■ YOUR TASK:
An exact copy of the listing below is required, minus its pictures.

■ WORKING DATA:
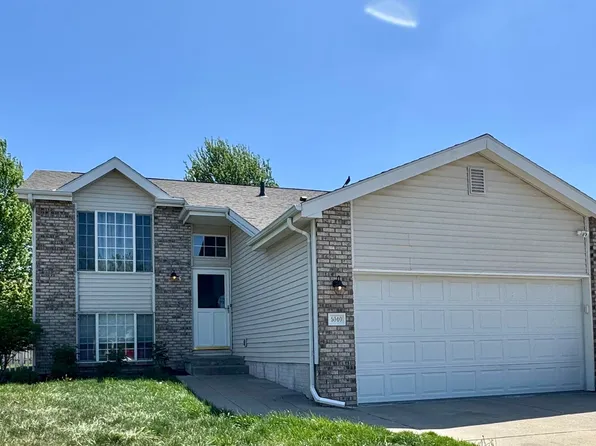 5040 NW 10th St, Lincoln, NE 68521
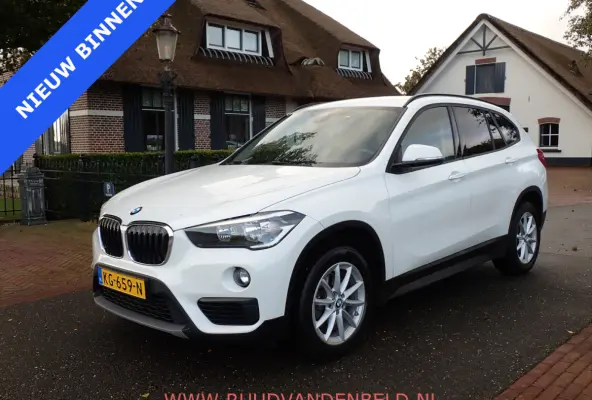 sDrive18i AUTOMAAT / CRUISE / PDC / NAVI / STOELVERWARMING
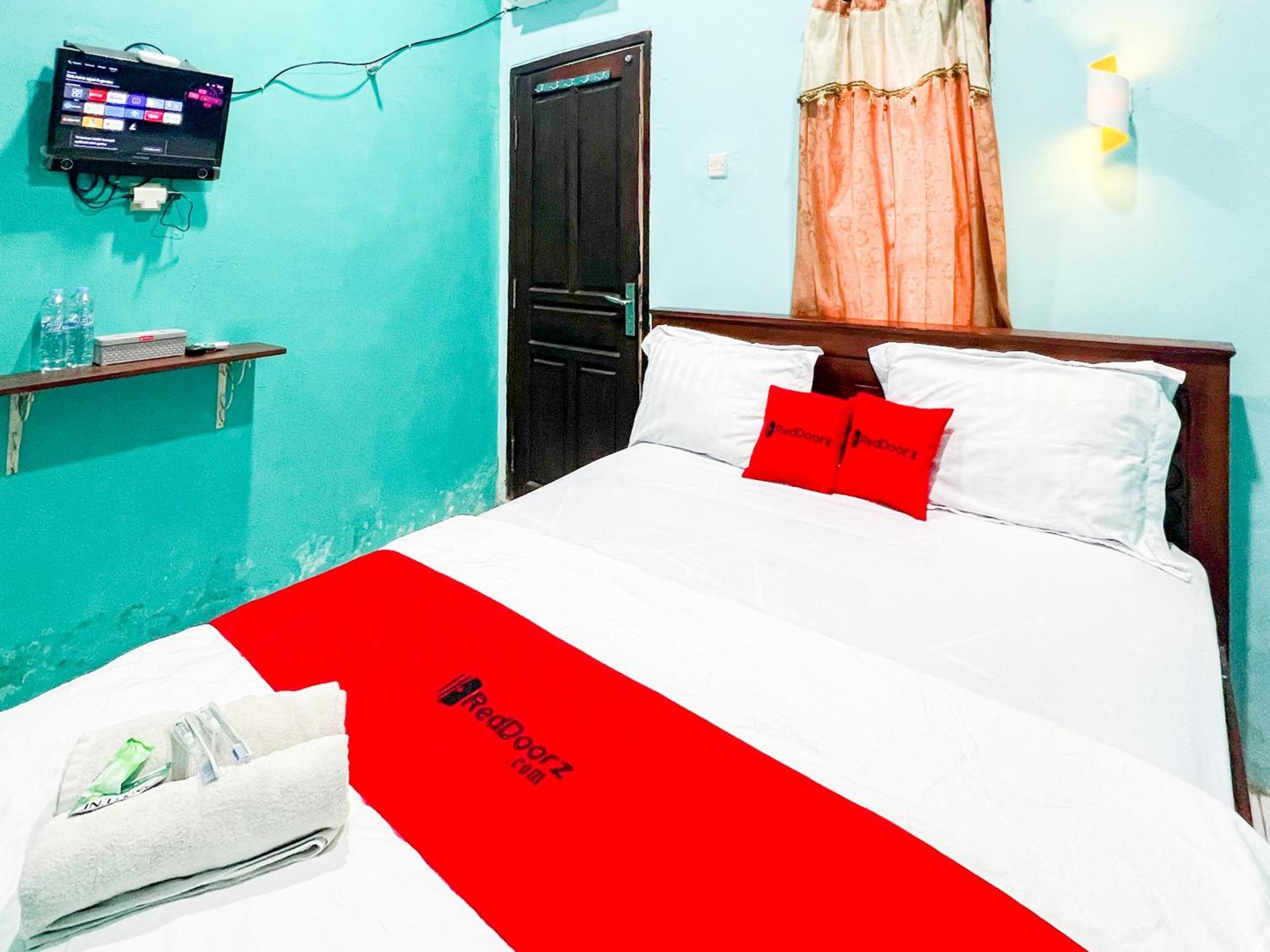 Reddoorz Near Sunrise Mall Mojokerto Bagian luar foto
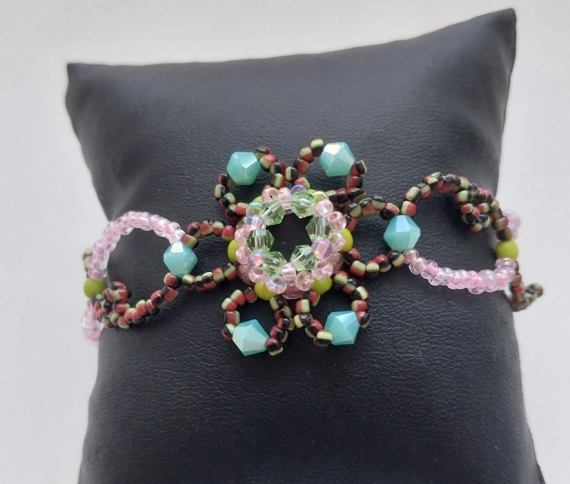 Альбом пользователя LanaGor: Браслет - Цветочек в кружавчиках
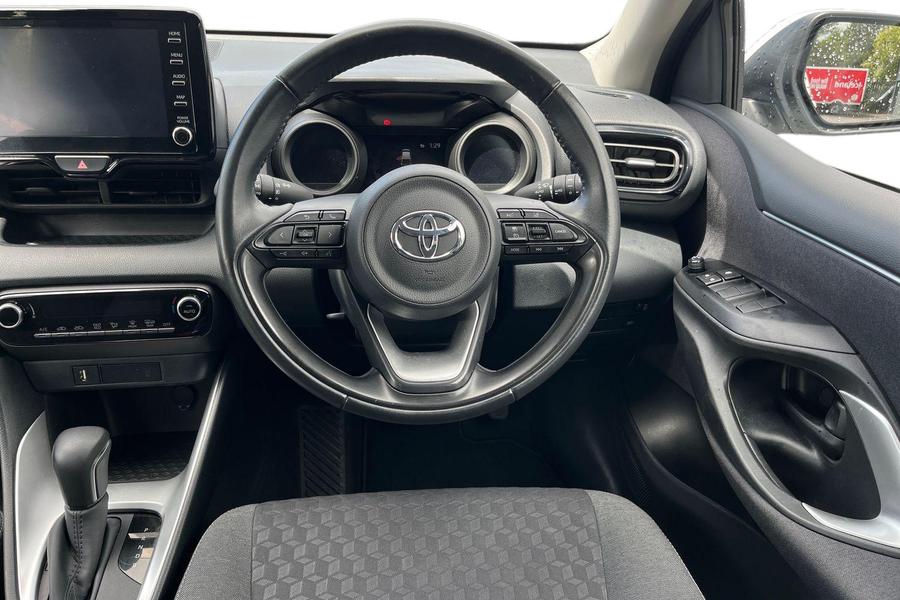 Toyota YARIS Photo autoimg-6c5a39be6da252a83b50ee03d0d260158fb1fad7.jpg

■ ANSWER:
 5040 NW 10th St, Lincoln, NE 68521
 sDrive18i AUTOMAAT / CRUISE / PDC / NAVI / STOELVERWARMING
 Reddoorz Near Sunrise Mall Mojokerto Bagian luar foto
 Альбом пользователя LanaGor: Браслет - Цветочек в кружавчиках
 Toyota YARIS Photo autoimg-6c5a39be6da252a83b50ee03d0d260158fb1fad7.jpg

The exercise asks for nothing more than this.